--- Your goal ---
Begin with the line holding "James Cameron's Avatar" and end with the last line of the records below. Set down exactly those lines and leave out every picture.

+--

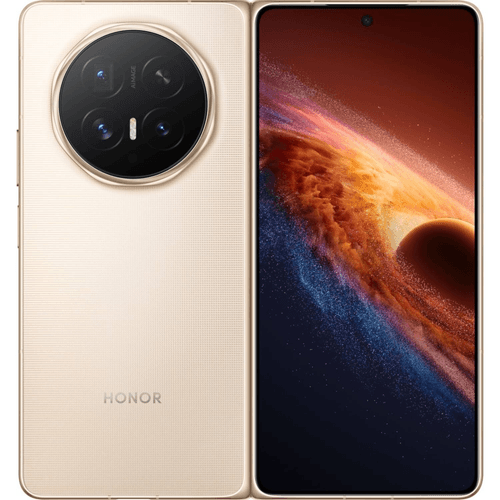 Honor Magic V6 5G — 7.95" Foldable, Snapdragon 8 Elite Gen 5, 16GB RAM, 512GB — Gold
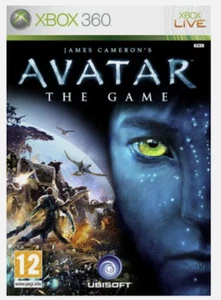 James Cameron's Avatar The Game Xbox 360 PAL UK With Manual - Picture 1 of 1
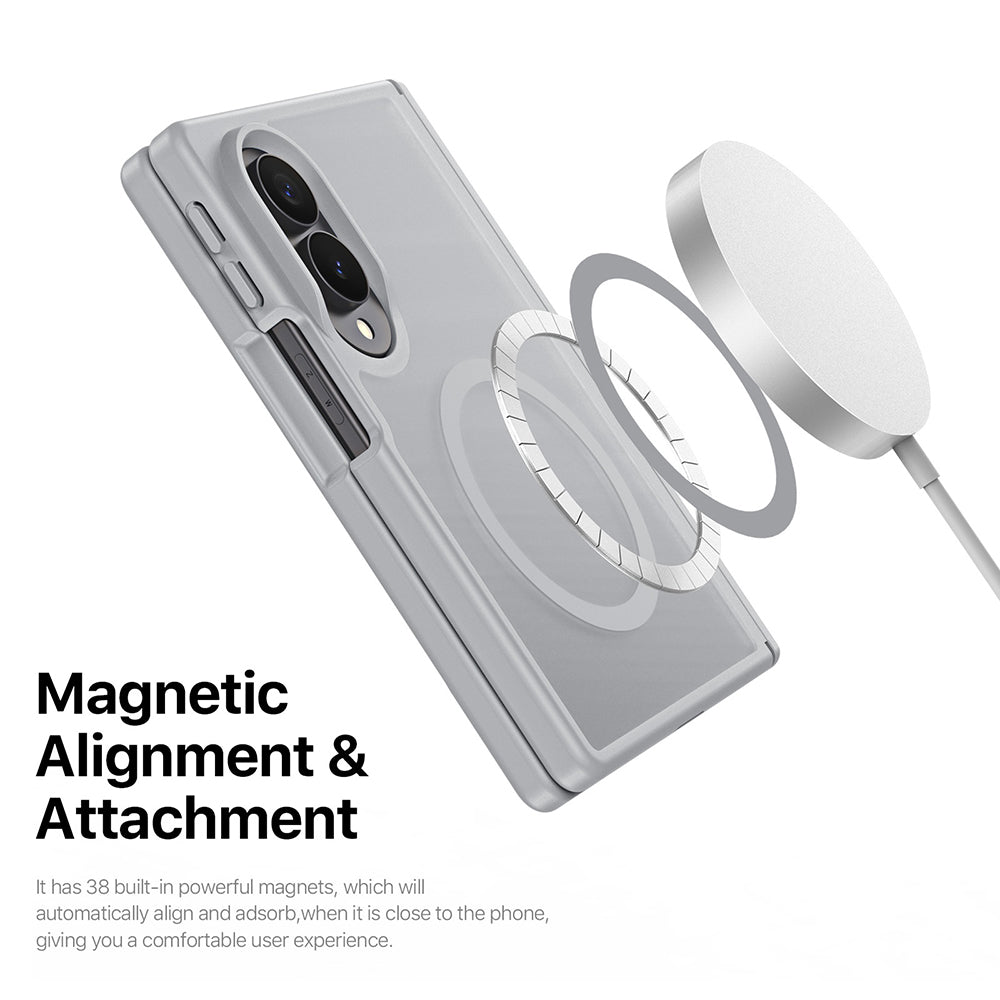 MagSafe-Hülle für Samsung Galaxy Z Fold8 F971, DUX DUCIS, Yind, Grau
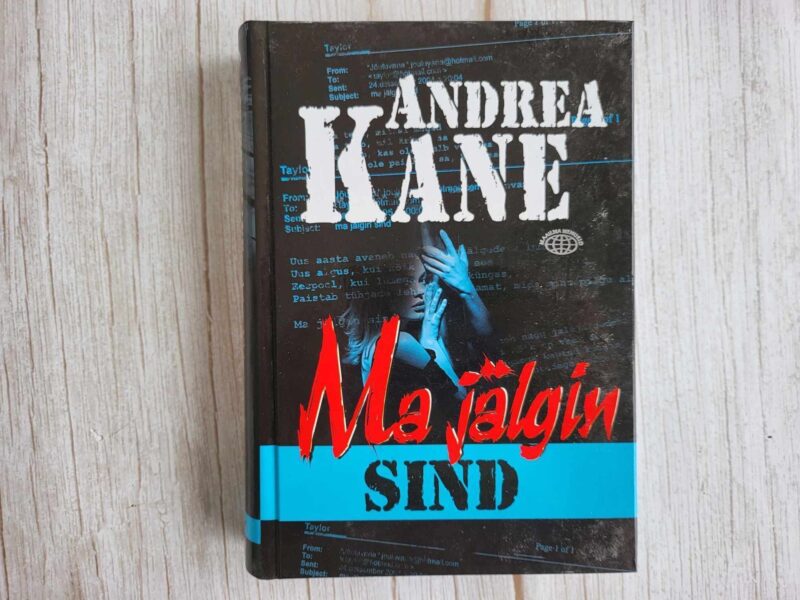 120111133 Ma jälgin sind . Andrea Kane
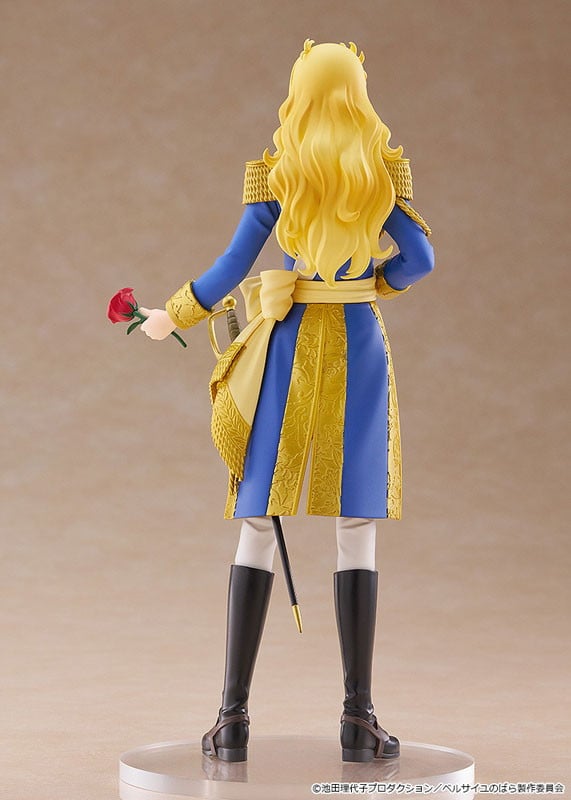 劇場アニメ ベルサイユのばら「オスカル・フランソワ・ド・ジャルジェ」のフィギュア画像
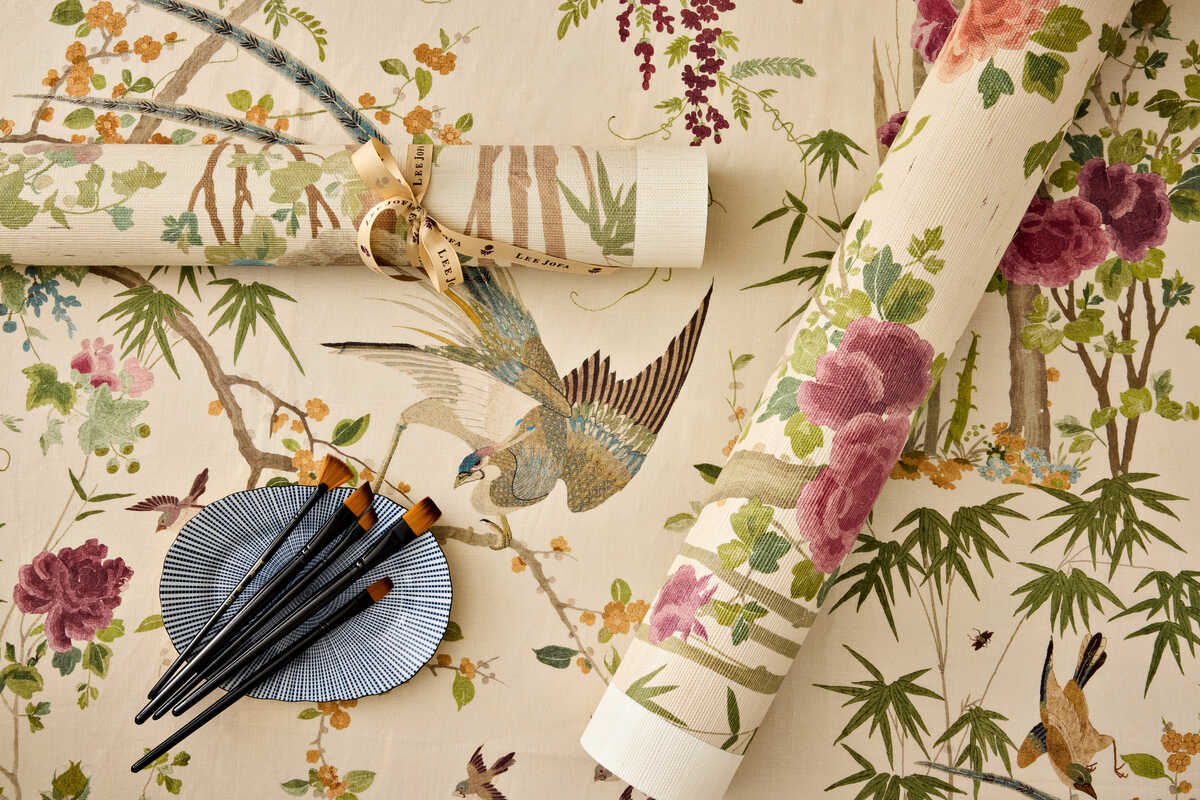 Mandalay Sisal - Willow - LEE JOFA Papel pintado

+--

--- Your solution ---
 James Cameron's Avatar The Game Xbox 360 PAL UK With Manual - Picture 1 of 1
 MagSafe-Hülle für Samsung Galaxy Z Fold8 F971, DUX DUCIS, Yind, Grau
 120111133 Ma jälgin sind . Andrea Kane
 劇場アニメ ベルサイユのばら「オスカル・フランソワ・ド・ジャルジェ」のフィギュア画像
 Mandalay Sisal - Willow - LEE JOFA Papel pintado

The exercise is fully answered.